_Required action_
Output the first line below and each one after it, exactly, up to and including the line holding "Photo wallpaper animals, nature, birds, flamingos". Pictures should not be copied.

_Material to process_
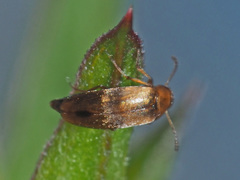 Anaspis maculata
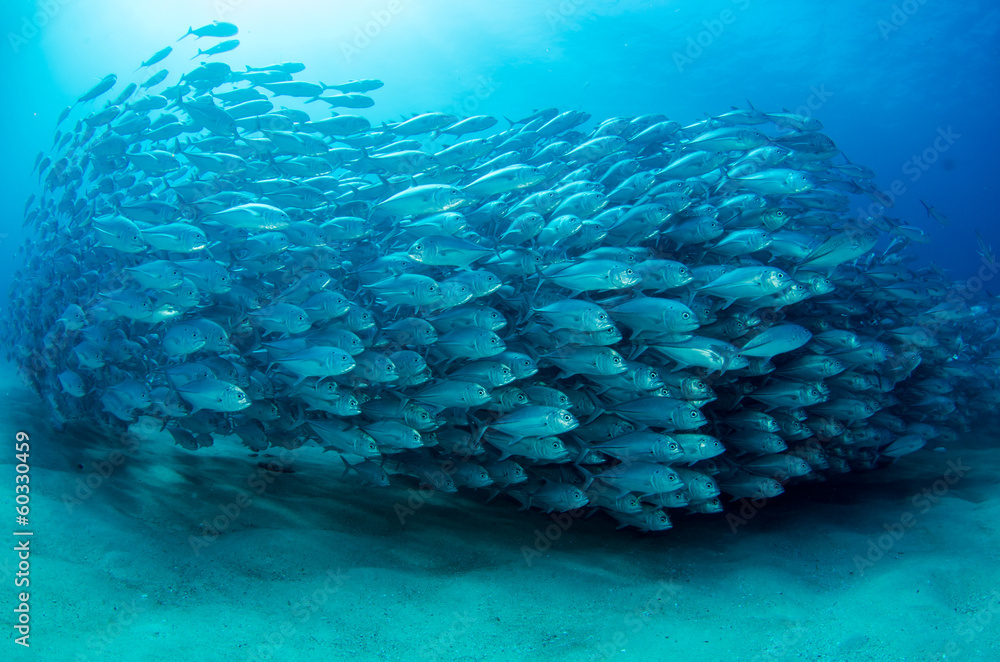 Obraz premium Trevally Baitball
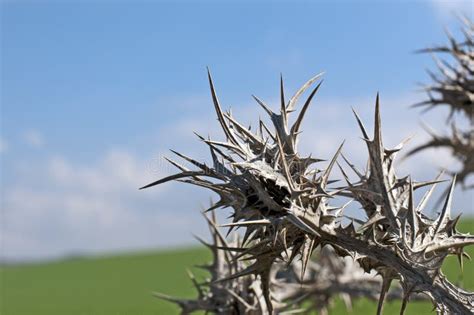 Thorn Picture. Image: 18500525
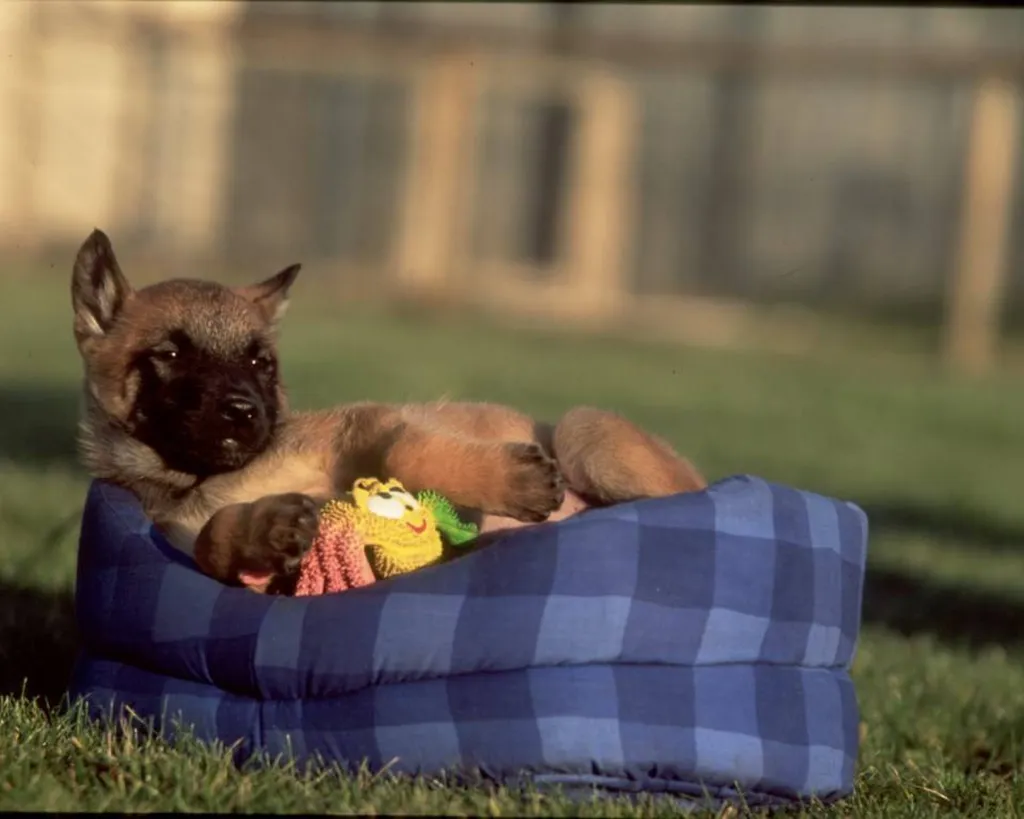 BERGER BELGE MALINOIS lof portée de LANKA et LASCAR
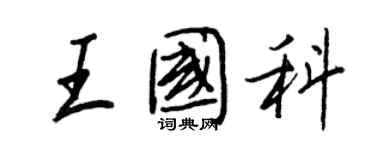 王正良王国科行书个性签名怎么写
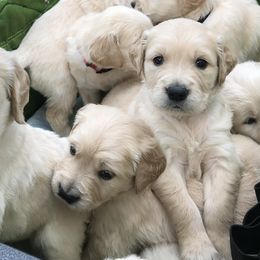 Golden Retriever Puppies from Bennett Goldens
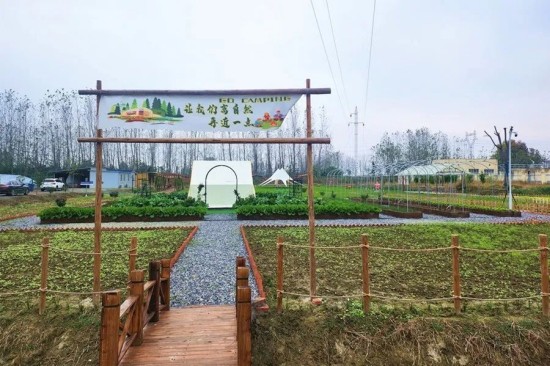 都市农业新形态：共享菜园如何推动城市可持续发展？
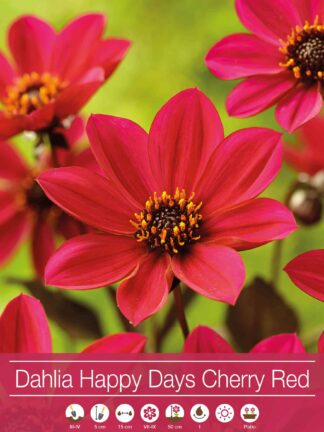 Dahlia Happy Days Cherry Red®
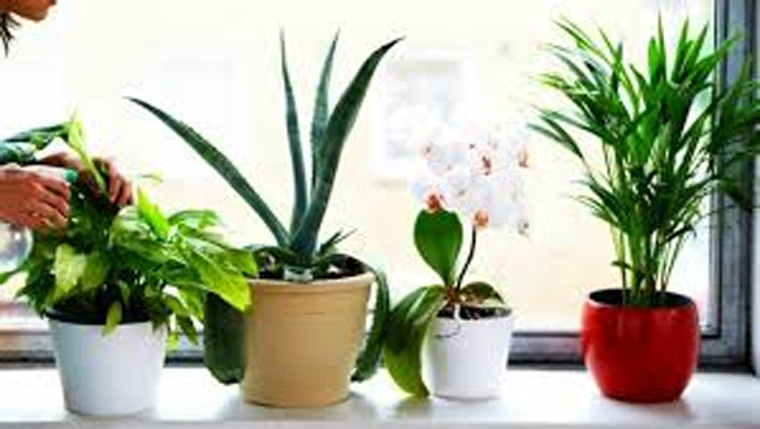 Houseplants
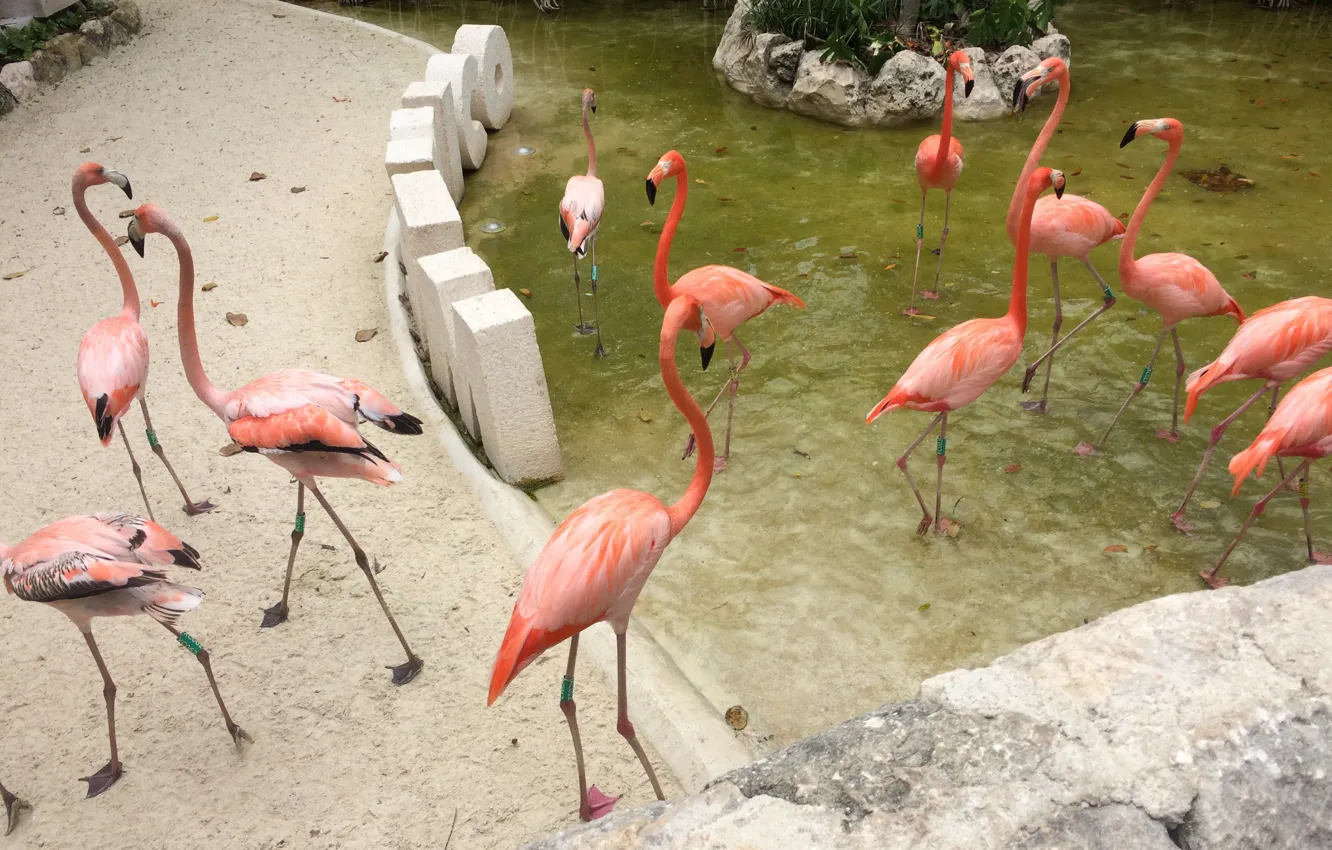 Photo wallpaper animals, nature, birds, flamingos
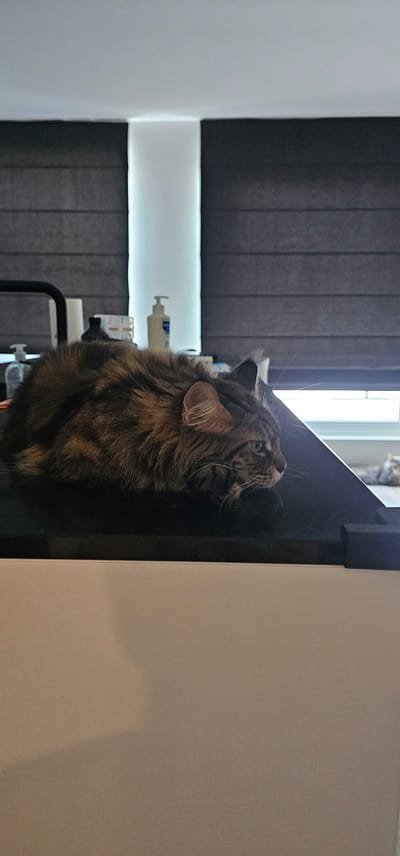 A fluffy, long-haired tabby cat is lying on a black surface. The cat is facing to the right, with its eyes looking forward. The cat has dark brown and black fur with lighter brown stripes. Its ears are pointed upwards, and its whiskers are visible. In the background, there are dark grey blinds covering a window. To the left of the cat, there are some bottles and containers on a shelf. The overall scene appears to be indoors, possibly in a home or office setting. The location is not specified in the image or its provided crops.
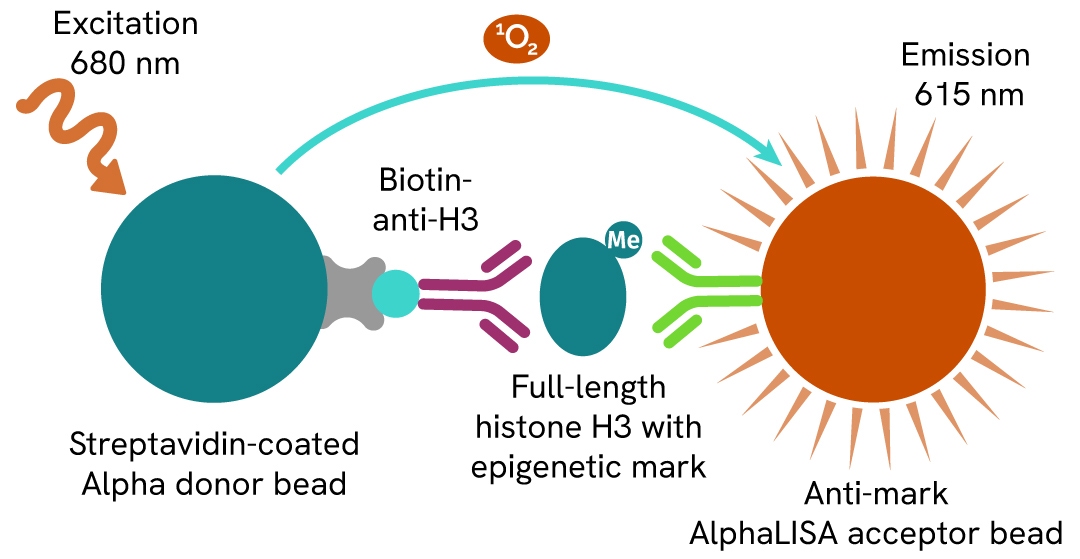 epigenetic toolbox fig2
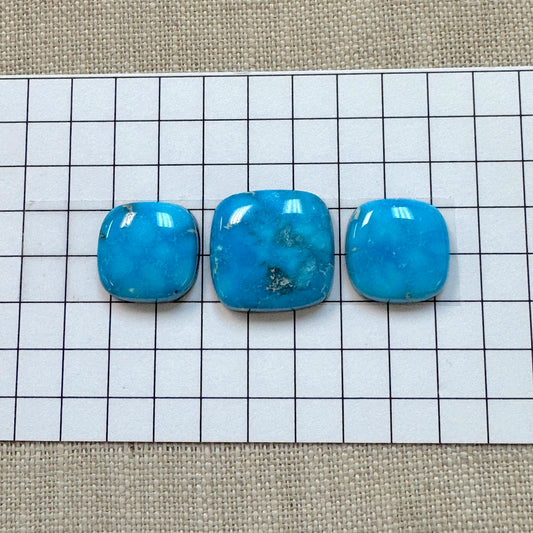 Kingman Ithaca Turquoise Cabochon Set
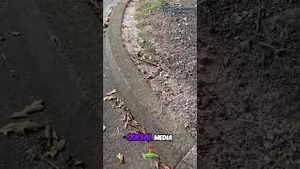 Video post by @developingsam1597 on YouTube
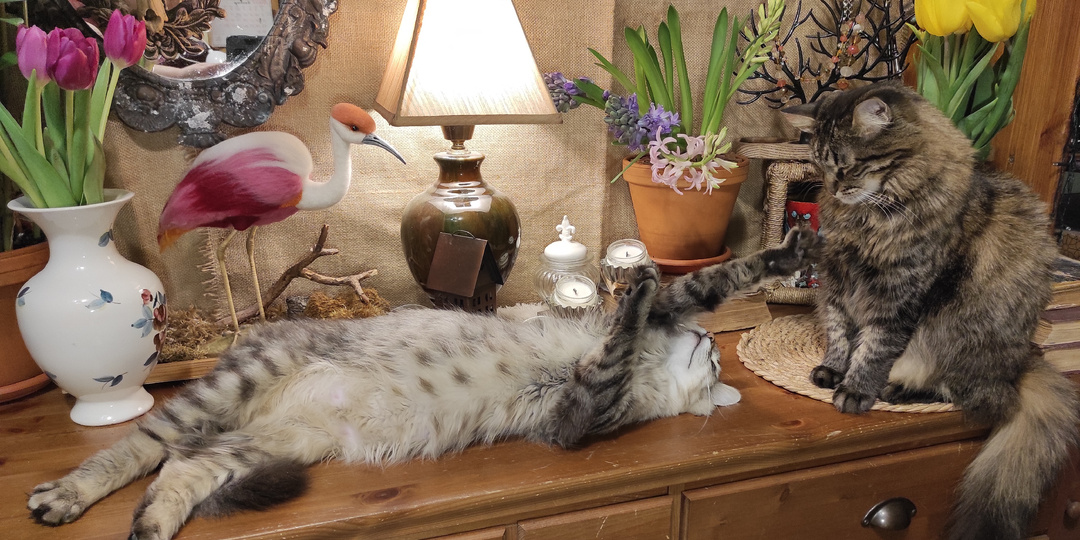 8 марта 2026 года. Первый ВЕСЕННИЙ ПРАЗДНИК!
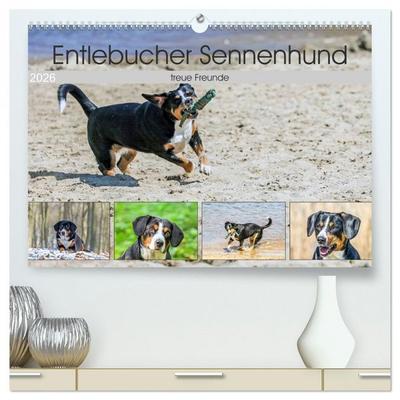 Entlebucher Sennenhund - treue Freunde (hochwertiger Premium Wandkalender 2026 DIN A2 quer), Kunstdruck in Hochglanz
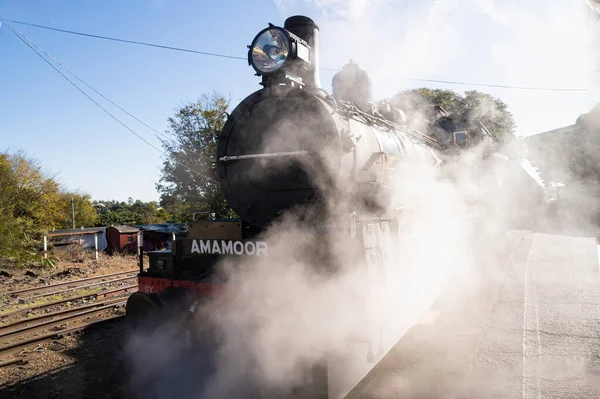 Mary Valley Çıngıraklı Yılan buharlı treni sabah erken saatlerde Queensland Gympie 'de motoru buharla çevrili yolcuları bekliyor..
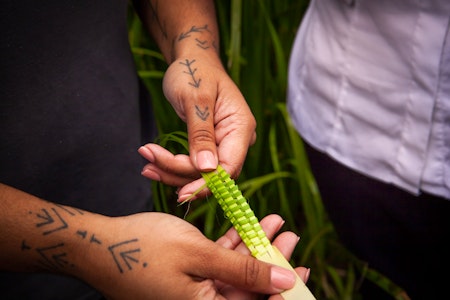 Private Aboriginal Bush Tucker Tour - Botanic Gardens of Sydney - Image credit Tourism Australia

_Result of the exercise_
 Anaspis maculata
 Obraz premium Trevally Baitball
 Thorn Picture. Image: 18500525
 BERGER BELGE MALINOIS lof portée de LANKA et LASCAR
 王正良王国科行书个性签名怎么写
 Golden Retriever Puppies from Bennett Goldens
 都市农业新形态：共享菜园如何推动城市可持续发展？
 Dahlia Happy Days Cherry Red®
 Houseplants
 Photo wallpaper animals, nature, birds, flamingos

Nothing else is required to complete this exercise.